Contains artificial favourings

the-pI’m going to be uncomfortable out loud, here.

I’ve been thinking about writing this for the last week or so, since I started noticing a stridence in me concerning the absurd amount of casual misogyny there is in my culture – in the press, in the media, in advertising, (in friends), you name it.

I spend quite a lot of time at the moment feeling like a stroppy teenager, in spite of being 50. Fair enough, I’m going through a hormone-and-transition-induced second adolescence/puberty, and being a stroppy teen comes with the territory of trying to figure out who the hell you suddenly are in the face of all this change in you, and others’ reactions to it. And teenagers often become politically strident because they’re starting to get their first firsthand glimpses of the more global iniquities built into the adulthood they’re being expected to participate in.

One of the reasons why I love the fifth Harry Potter book so much is that Harry is 15 in it, and spends the entire book being pissed off at everyone. With plenty of good reason – but it felt to me that there was this beautiful acknowledgement of the shift from childhood to adolescence and that duelling awareness of powerfulness and powerlessness that it raises up in you. I love Harry so much for his frustration with everything.

So yes, all that, but now back to me and my discomfort (stop putting it off… I was just setting the scene, see… I know, but get on with it… okay.)

I’m going to try to write as objectively as I can about something I have very subjective feelings about, and that’s the Demon P-Word. There’s this word that gets used an awful lot these days in discussion of gender, race, sexuality, ability, and so on and that word is privilege. I had at first planned to see whether I could write this whole blog-thing without actually using that word, because it has become so loaded with connotation that, ironically, it’s very hard to maintain objective discourse whilst using it. But then I felt that my discomfort with the word demands that I not try to dodge this. I’m actually quite scared, sitting here, contemplating writing My Position On Privilege™.

I’ll start by taking a stab at defining it. In the specific way it gets used currently in political discourse, I think this: Privilege is any advantage you don’t know you have, because you’ve never been without it.

Why I’m uncomfortable with a lot of the use of this term I’ve come across lately is that it appears to be wielded as a kind of trump card during any debate, in order to declare another person’s views or opinions invalid, and I find that creepy and underhand.

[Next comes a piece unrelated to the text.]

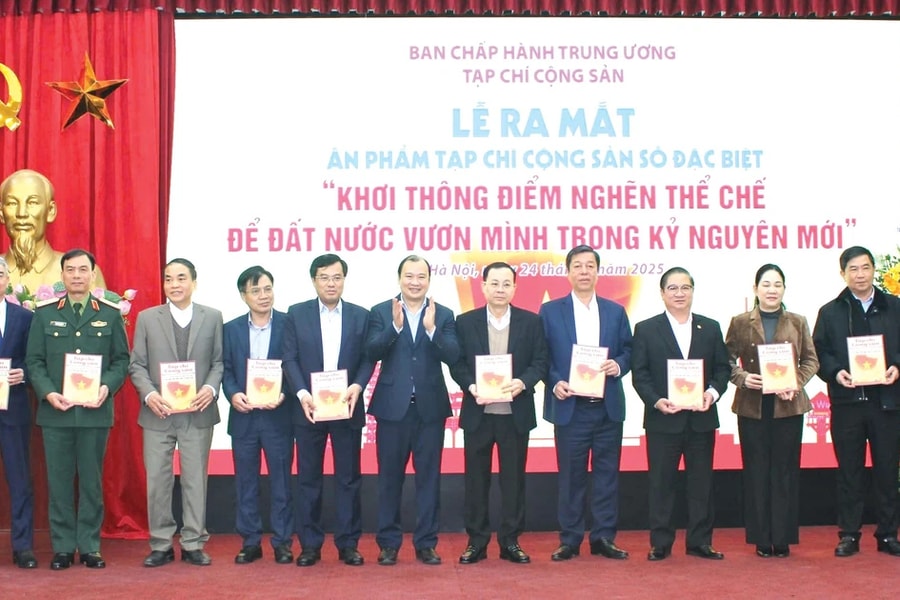 Tạp chí Cộng sản ra mắt ấn phẩm đặc biệt “Khơi thông điểm nghẽn thể chế để đất nước vươn mình trong kỷ nguyên mới”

I think you can only declare someone’s opinions or views invalid by explaining why they’re wrong – not by declaring that person inherently invalid due to their different life experience.

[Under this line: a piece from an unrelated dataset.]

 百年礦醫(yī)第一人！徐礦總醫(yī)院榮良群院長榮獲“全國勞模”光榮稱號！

So I’ve made my Statement Of Position there, and in making it, I’ve actually decided I’m going to avoid writing that word for the rest of this blog-thing (because it’s so loaded, and not just for me), and use instead the word advantage. I think advantage is a both more transparent and less elitist way of saying the same thing, because the P-Word is historically loaded with a connotation of class, wealth, position, stuff like that, and drips with personal prejudice for that reason – it’s impossible not to use it to some extent as an insult.

And now after a brief pause to do something else, I feel obliged ask myself: Or is it just you imagining this? And no, I’m pretty confident that a lot of the time, there’s covert or overt bile in people’s use of the P-Word against others. It’s like they’re saying “You won the advantage game, so you lose the argument. End of story.” And that’s nonsense.

Just to be very, very clear: I am in no way questioning the existence of advantage, just the use of the P-Word as a lazy means to “win” a debate – and I sometimes see it used well and as part of a cogent explanation too.

*****

Blah, blah. What all this is meant to be about, now that I’ve got all that out of the way, is that I’ve noticed myself of late becoming this strident feminist teenager, posting outrageous examples of casual misogyny on facebook as I encounter them either online, or just in the course of daily life.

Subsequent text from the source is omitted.